This Popular Online Betting Firm Has Been Fined For Failing To Protect Those At Risk Of Addiction

    888 was fined £7.8 million after 7,000 vulnerable customers who had self-excluded from the site were still able to gamble due to a technical error.

    One of the UK's largest online betting companies failed to adequately protect gamblers from "harm" when a flaw in its system allowed those who had chosen to freeze access to their accounts were still able to place bets.

    888, which runs casino, poker, sport, and bingo gambling sites, has been handed a record £7.8 million fine by the Gambling Commission, which said it had uncovered "serious failings" in the organisation's handling of vulnerable customers.

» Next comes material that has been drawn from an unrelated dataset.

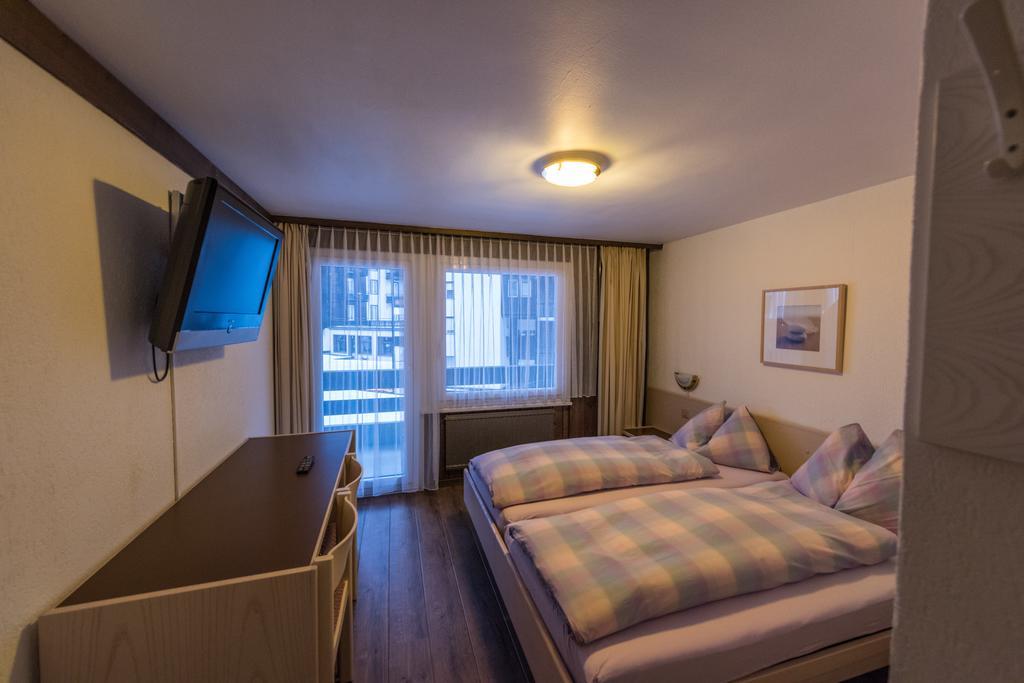 Hostel Walser ซาสฟี ภายนอก รูปภาพ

    Betting firms are required to have processes in place to protect consumers at risk of addiction, which includes enabling people to "self-exclude" across all platforms. This option is typically taken up by someone who recognises their gambling might be spiralling out of control.

    In the case of 888, it was found that more than 7,000 customers who had self-excluded were still able to access online bingo as a result of a technical error for a "prolonged" period of 13 months.

    The company raised the alarm itself, prompting the industry regulator to open an investigation that found 888 did have self-exclusion procedures in place but that those procedures were "not robust enough".

    It also found the company had failed to recognise "visible signs" of problem gambling, including one customer who staked more than £1.3 million during the period.

    "The lack of interaction with the customer" – who it later emerged had stolen £55,000 from their employer to fund their betting – raised "serious concerns about 888's safeguarding of customers at risk of gambling harm", the regulator said.

    Sarah Harrison, Gambling Commission CEO, said safeguarding consumers was "not optional" and that the penalty reflected "the seriousness of 888’s failings to protect vulnerable customers".

    The fine includes repayment of the deposits made by self-excluded customers, compensation to the employer from whom money was stolen, and over £4 million to be paid to a socially responsible cause that tackles gambling-related harm, the commission said.

    It has also ordered an independent audit of 888’s customer protection procedures.

    In a statement, the company said it "regrets" the "historic failings" and accepted the conclusion of the review. They said it had since taken significant lengths in order to address the concerns and prevent the issues from reoccurring, including training staff to identify and interact better with vulnerable customers.

    "888 has always been focused on providing a safe and fair online gaming entertainment for our customers," the statement read. "The review highlighted some areas for improvement in 888’s tools and processes and we have swiftly taken action to address these issues."